It's clear to say that a value in memory has been stored there in host
endianness when the value is as you would want to see it in a CPU
register, but it's less clear when you talk about it relative to values
on a bus.  It's harder to correlate that to something that is software
visible.

I don't think there's any actual technical difference between your
wording and mine when each wording is properly interpreted, but I
suspect my wording is less likely to be misinterpreted (I could be
wrong).

> Obviously if what userspace
> is emulating is a bus which has a byteswapping bridge or if it's
> being helpful to device emulation by providing "here's the value
> even though you think you're wired up backwards" then it needs
> to byteswap.

Whether the emulated bus has "a byteswapping bridge" doesn't sound like
something that depends on the endianness that the host CPU is currently
running in.

> > How about a wording like this:
> >
> >   The 'data' member contains, in its first 'len' bytes, the value as it
> >   would appear if the guest had accessed memory rather than I/O.
> 
> I think this is confusing, because now userspace authors have
> to figure out how to get back to "value X of size Y at address Z"
> by interpreting this text... Can you write out the equivalent of
> Christoffer's text "here's how you get the memory transaction
> value" for what you want?

Userspace swaps the value if and only if userspace's endianness differs
from the endianness with which the device interprets the data
(regardless of whether said interpretation is considered natural or
swapped relative to the way the bus is documented).  It's similar to how
userspace would handle emulating DMA.

KVM swaps the value if and only if the endianness of the guest access
differs from that of the host, i.e. if it would have done swapping when
emulating an ordinary memory access.

> (Also, value as it would appear to who?)

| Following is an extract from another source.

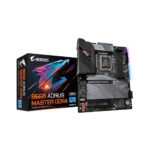 Gigabyte-GA-B660-AORUS-MASTER-DDR4-with-packaging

As it would appear to anyone.  It works because data[] actually is
memory.  Any difference in how data appears based on the reader's
context would already be reflected when the reader performs the load.

> I think your wording implies that the order of bytes in data[] depend
> on the guest CPU "usual byte order", ie the order which the CPU
> does not do a byte-lane-swap for (LE for ARM, BE for PPC),
> and it would mean it would come out differently from
> my/Alex/Christoffer's proposal if the host kernel was the opposite
> endianness from that "usual" order.

It doesn't depend on "usual" anything.  The only thing it implicitly
says about guest byte order is that it's KVM's job to implement any
swapping if the endianness of the guest access is different from the
endianness of the host kernel access (whether it's due to the guest's
mode, the way a page is mapped, the instruction used, etc).

> Finally, I think it's a bit confusing in that "as if the guest had
> accessed memory" is assigning implicit semantics to memory
> in the emulated system, when memory is actually kind of outside
> KVM's purview because it's not part of the CPU.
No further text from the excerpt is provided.